• [WHAT THE TASK ASKS]:
Nothing is needed except the lines below that run from the one with "Waterproof Wedding Obrus" through the one with "Indoor Outdoor Curtains", repeated exactly.

Web page caption snippets
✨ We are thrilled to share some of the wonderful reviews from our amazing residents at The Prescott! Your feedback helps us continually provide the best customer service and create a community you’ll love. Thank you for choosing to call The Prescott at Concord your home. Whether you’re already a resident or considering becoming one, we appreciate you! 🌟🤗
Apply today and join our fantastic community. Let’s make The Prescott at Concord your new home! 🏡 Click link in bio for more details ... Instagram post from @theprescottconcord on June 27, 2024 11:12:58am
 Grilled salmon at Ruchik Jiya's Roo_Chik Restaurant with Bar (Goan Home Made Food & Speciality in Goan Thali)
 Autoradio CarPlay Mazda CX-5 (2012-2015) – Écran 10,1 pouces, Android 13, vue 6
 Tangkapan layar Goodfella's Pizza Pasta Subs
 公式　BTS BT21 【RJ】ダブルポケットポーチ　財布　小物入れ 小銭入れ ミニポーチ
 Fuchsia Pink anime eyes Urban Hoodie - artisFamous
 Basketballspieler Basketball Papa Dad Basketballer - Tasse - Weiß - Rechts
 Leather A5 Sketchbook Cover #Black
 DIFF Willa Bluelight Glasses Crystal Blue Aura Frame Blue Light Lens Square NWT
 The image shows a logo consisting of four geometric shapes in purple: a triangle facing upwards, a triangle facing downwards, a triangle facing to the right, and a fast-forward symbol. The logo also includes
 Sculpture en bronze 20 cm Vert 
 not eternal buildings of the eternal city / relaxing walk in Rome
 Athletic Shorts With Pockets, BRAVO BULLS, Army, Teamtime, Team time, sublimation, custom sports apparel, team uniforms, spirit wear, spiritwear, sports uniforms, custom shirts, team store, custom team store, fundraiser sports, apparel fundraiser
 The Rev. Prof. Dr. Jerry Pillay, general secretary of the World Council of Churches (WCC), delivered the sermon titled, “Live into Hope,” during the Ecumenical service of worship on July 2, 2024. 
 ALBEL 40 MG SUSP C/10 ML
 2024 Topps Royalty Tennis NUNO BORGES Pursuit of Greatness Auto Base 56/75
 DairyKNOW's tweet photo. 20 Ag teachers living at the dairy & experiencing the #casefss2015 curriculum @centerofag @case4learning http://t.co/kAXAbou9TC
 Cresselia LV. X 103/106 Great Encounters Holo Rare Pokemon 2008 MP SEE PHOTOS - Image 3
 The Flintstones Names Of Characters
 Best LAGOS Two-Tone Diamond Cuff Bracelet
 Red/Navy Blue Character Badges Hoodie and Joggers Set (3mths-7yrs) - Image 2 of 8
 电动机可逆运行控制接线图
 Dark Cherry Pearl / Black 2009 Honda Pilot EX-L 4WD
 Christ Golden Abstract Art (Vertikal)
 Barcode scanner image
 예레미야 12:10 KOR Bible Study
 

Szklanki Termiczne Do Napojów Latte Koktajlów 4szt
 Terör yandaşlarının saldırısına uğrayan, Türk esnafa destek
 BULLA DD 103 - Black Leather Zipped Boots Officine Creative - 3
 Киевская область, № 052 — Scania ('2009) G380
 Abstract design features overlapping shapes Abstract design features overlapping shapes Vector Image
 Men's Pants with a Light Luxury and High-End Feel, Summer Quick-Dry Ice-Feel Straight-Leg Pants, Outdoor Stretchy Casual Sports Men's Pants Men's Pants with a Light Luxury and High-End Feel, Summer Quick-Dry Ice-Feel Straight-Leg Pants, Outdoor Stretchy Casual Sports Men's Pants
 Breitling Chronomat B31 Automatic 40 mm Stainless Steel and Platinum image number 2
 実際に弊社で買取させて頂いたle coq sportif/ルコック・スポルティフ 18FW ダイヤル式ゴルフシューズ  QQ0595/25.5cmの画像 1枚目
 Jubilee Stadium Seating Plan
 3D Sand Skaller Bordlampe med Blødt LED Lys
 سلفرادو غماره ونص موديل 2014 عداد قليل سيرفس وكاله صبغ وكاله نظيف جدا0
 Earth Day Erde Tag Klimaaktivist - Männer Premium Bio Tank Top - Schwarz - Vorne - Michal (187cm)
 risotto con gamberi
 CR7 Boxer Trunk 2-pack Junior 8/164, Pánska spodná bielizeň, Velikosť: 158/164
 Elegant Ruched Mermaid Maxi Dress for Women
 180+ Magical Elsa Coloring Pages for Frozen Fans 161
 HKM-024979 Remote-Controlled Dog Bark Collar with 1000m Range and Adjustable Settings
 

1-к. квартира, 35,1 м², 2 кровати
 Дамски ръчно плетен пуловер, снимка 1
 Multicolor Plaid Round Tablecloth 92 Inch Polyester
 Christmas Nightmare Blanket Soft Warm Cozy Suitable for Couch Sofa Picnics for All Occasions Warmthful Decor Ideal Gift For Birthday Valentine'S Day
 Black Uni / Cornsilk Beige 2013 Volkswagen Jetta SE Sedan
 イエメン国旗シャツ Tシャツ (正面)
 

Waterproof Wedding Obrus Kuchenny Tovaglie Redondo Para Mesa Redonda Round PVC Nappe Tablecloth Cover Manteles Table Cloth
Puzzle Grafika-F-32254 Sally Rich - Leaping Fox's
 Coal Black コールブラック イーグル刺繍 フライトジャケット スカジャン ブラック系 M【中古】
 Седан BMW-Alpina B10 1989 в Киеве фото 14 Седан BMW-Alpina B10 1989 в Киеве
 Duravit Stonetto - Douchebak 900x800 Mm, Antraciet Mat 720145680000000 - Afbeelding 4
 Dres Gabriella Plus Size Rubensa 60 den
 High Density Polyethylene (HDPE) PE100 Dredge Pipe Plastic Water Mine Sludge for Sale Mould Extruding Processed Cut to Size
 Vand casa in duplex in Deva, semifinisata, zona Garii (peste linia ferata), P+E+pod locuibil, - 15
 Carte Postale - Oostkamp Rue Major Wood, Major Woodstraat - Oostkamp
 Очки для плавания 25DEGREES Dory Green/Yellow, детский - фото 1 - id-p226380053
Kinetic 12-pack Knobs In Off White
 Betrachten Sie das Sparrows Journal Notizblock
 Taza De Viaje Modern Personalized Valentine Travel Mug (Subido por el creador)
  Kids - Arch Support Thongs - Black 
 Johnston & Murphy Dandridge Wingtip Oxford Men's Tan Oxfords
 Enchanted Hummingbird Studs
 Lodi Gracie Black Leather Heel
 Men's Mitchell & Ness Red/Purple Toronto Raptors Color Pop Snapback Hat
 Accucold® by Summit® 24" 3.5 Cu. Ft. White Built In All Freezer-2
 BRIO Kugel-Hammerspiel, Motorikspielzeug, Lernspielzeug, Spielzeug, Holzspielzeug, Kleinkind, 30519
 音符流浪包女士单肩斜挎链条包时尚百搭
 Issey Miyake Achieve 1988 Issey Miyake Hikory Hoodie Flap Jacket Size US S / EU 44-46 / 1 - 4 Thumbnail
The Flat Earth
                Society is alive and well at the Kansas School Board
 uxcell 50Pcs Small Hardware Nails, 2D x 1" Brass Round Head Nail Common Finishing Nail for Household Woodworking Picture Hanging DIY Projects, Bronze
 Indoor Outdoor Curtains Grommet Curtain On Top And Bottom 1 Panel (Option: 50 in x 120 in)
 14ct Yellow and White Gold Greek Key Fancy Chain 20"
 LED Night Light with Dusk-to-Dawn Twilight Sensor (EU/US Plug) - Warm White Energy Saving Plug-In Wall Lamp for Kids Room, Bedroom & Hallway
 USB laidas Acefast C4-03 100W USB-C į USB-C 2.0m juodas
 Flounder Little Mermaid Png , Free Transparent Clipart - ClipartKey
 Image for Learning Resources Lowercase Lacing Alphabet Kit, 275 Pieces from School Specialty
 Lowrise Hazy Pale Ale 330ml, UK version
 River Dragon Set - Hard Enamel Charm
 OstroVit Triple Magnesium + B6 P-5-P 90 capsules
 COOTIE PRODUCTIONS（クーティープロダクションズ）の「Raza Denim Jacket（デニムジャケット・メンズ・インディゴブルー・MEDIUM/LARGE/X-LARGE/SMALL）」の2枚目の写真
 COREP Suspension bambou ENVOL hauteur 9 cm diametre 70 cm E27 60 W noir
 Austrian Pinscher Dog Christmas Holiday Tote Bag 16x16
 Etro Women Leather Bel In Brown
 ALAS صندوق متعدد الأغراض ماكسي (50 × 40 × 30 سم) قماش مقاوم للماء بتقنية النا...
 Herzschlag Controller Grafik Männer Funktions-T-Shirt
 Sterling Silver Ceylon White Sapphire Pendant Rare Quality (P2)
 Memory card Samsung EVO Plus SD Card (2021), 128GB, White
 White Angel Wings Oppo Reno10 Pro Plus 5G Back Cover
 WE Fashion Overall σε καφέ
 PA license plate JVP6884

• [WRITTEN ANSWER]:
Waterproof Wedding Obrus Kuchenny Tovaglie Redondo Para Mesa Redonda Round PVC Nappe Tablecloth Cover Manteles Table Cloth
Puzzle Grafika-F-32254 Sally Rich - Leaping Fox's
 Coal Black コールブラック イーグル刺繍 フライトジャケット スカジャン ブラック系 M【中古】
 Седан BMW-Alpina B10 1989 в Киеве фото 14 Седан BMW-Alpina B10 1989 в Киеве
 Duravit Stonetto - Douchebak 900x800 Mm, Antraciet Mat 720145680000000 - Afbeelding 4
 Dres Gabriella Plus Size Rubensa 60 den
 High Density Polyethylene (HDPE) PE100 Dredge Pipe Plastic Water Mine Sludge for Sale Mould Extruding Processed Cut to Size
 Vand casa in duplex in Deva, semifinisata, zona Garii (peste linia ferata), P+E+pod locuibil, - 15
 Carte Postale - Oostkamp Rue Major Wood, Major Woodstraat - Oostkamp
 Очки для плавания 25DEGREES Dory Green/Yellow, детский - фото 1 - id-p226380053
Kinetic 12-pack Knobs In Off White
 Betrachten Sie das Sparrows Journal Notizblock
 Taza De Viaje Modern Personalized Valentine Travel Mug (Subido por el creador)
  Kids - Arch Support Thongs - Black 
 Johnston & Murphy Dandridge Wingtip Oxford Men's Tan Oxfords
 Enchanted Hummingbird Studs
 Lodi Gracie Black Leather Heel
 Men's Mitchell & Ness Red/Purple Toronto Raptors Color Pop Snapback Hat
 Accucold® by Summit® 24" 3.5 Cu. Ft. White Built In All Freezer-2
 BRIO Kugel-Hammerspiel, Motorikspielzeug, Lernspielzeug, Spielzeug, Holzspielzeug, Kleinkind, 30519
 音符流浪包女士单肩斜挎链条包时尚百搭
 Issey Miyake Achieve 1988 Issey Miyake Hikory Hoodie Flap Jacket Size US S / EU 44-46 / 1 - 4 Thumbnail
The Flat Earth
                Society is alive and well at the Kansas School Board
 uxcell 50Pcs Small Hardware Nails, 2D x 1" Brass Round Head Nail Common Finishing Nail for Household Woodworking Picture Hanging DIY Projects, Bronze
 Indoor Outdoor Curtains Grommet Curtain On Top And Bottom 1 Panel (Option: 50 in x 120 in)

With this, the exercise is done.